Investors considering opening short positions in shares of Sprint (NYSE:S) at these levels need to exercise caution. The company's shares are down more than 70% from its 52 week high and have declined over 25% in the last week. While the company's financial performance more than justifies these reductions, significant future reductions are unlikely for the following reasons:
- The enterprise value of Sprint has fallen to just over $40B; $20B from debt (including the recent $2.5B loan) and $20B in market capitalization. At these levels, each Sprint subscriber is valued at just $760.00, less than half the amount that Cingular paid for AT&T Wireless in 2004 and nearly one fourth what TPG and Goldman Sachs paid for Alltel just last year.
- CEO Dan Hesse "kitchen sinked" the 2008 earnings forecast and set expectations to near ZERO. The company's forecast included a predicted a loss of 1.2M subs in Q1 and Q2, I would expect something less.
- Mr. Hesse has replaced the old leadership team and instituted a "back to basics" play book which overtime will significantly improve customer satisfaction and retention.
- The company borrowed $2.5B to pay off 2008/2009 maturing debt and provide liquidity beyond the $2B+ in cash they currently have on hand. Since this transaction will be used to pay maturing debt, it will not increase the amount of debt outstanding. In addition, the company eliminated their dividend which will save approximately $300M annually, further improving the company's liquidity.
- The value of the company's spectrum alone is worth well in excess of $20B. Just look at the bids from the latest government auction for proof.

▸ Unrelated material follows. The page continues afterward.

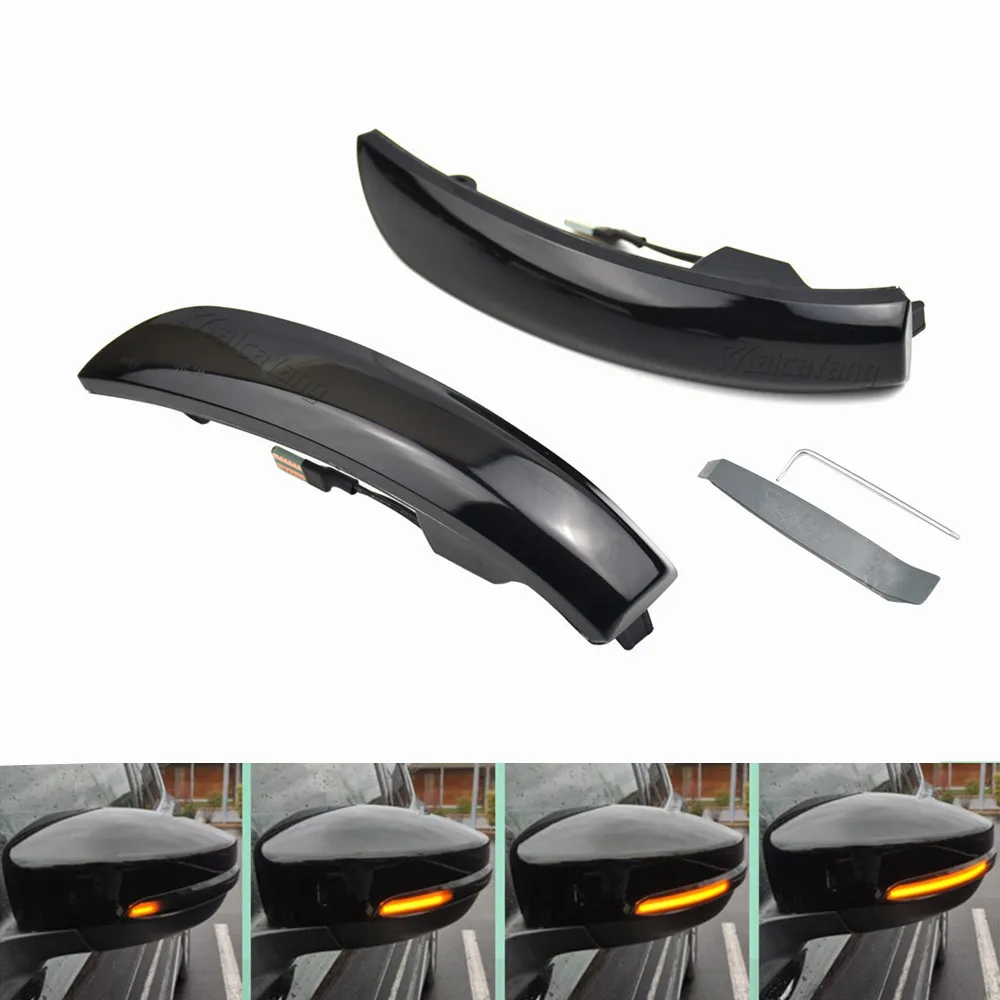 

For Ford ECOSPORT Kuga Escape Dynamic Turn Signal Light LED Side Wing Rearview Mirror Indicator Blinker Repeater Light 2013-2018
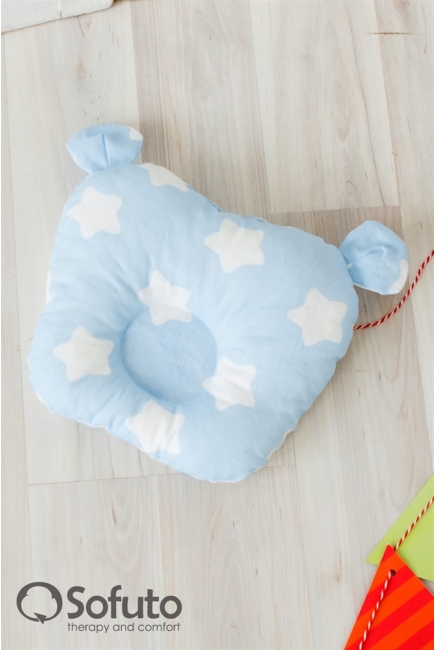 Гнездышко для новорожденных Babynest Stars and waves blue sky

- An announcement regarding the future of WiMax and possible investments from Intel are rumored to be coming the following weeks.

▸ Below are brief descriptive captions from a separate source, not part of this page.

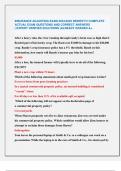 INSURANCE ADJUSTING EXAM 2024&sol;2025 NEWEST&excl;&excl;&excl; COMPLETE  ACTUAL EXAM QUESTIONS AND CORRECT ANSWERS  &lpar; EXPERT VERIFIED SOLUTIONS &rpar;ALREADY GRADED A&plus;&period;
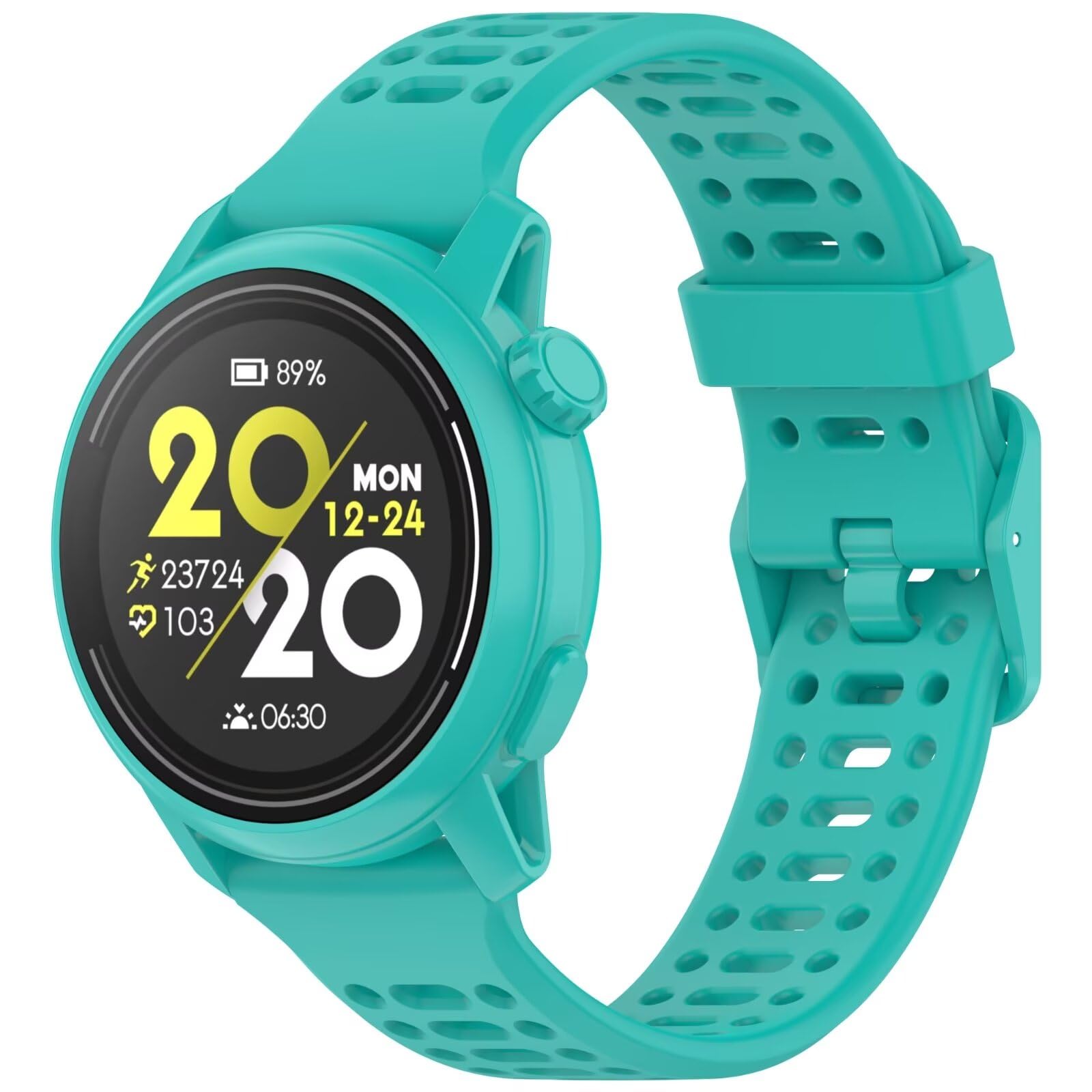 BoerHang Strap Compatible with COROS PACE 3, Silicone Sports Fitness Watch Strap, Strap Compatible with COROS PACE 3.(Green)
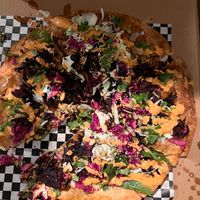 Mexican pizza  at The Vegan Vato in Victorville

- Much of the incremental selloff of Friday was due to the overall market being down over 350 at one point. Shares of Sprint actually held up well on Thursday and only moved down of Friday after the credit rating downgrades.

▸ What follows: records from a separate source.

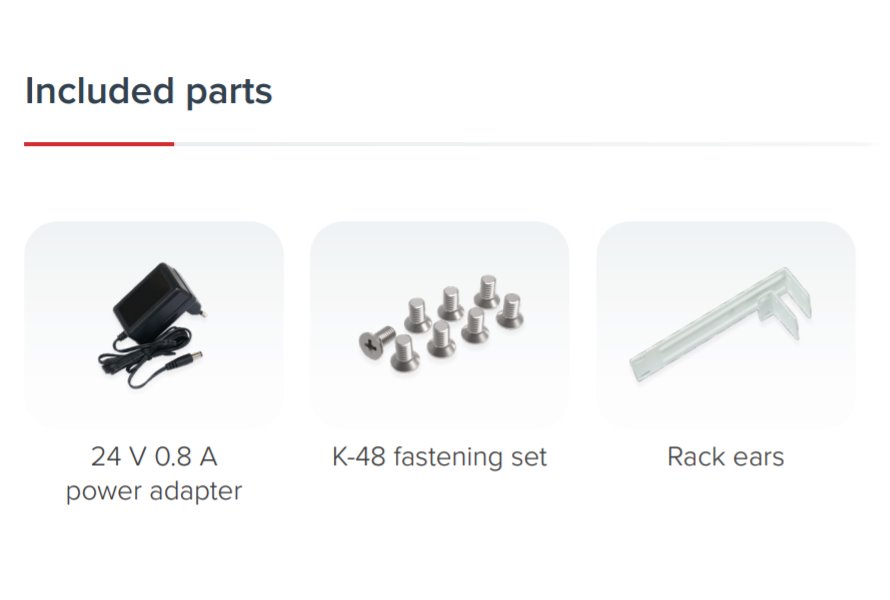 Mikrotik managed Switch CSS610-8G-2S+IN, 8x GbE, 2x 10G SFP+, SwO, zdroj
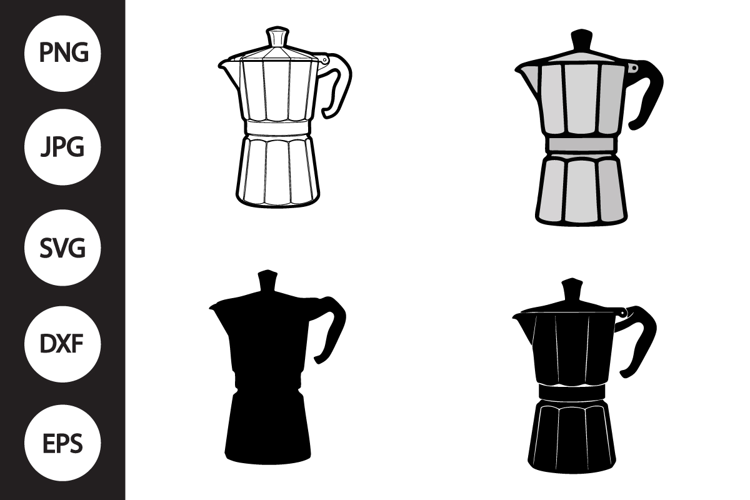 Coffee Maker SVG, Coffee Maker Clipart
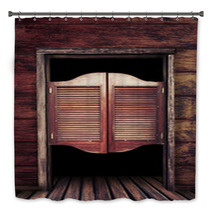 Old Vintage Wooden Saloon Doors Bath Decor 50804302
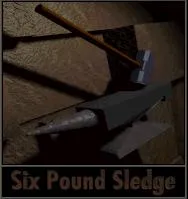 Six Pound Sledge Studios logo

Overall, the business outlook for Sprint for the next 3-4 quarters does not look good, however most of the bad news is baked into the shares. The stock could see an incremental 5-10% downside if the overall market sells off big this week, but I would be cautious opening new short positions at these levels. If you do, stay close to your computer to ensure you can move quickly cover your position should any positive reports about Sprint come out. Right now all the street sentiment is bearish. That's normally when you get a reversal.
Finally, while I doubt the company will be acquired in 2008, the prospect of that happening will keep the shares from totally tanking.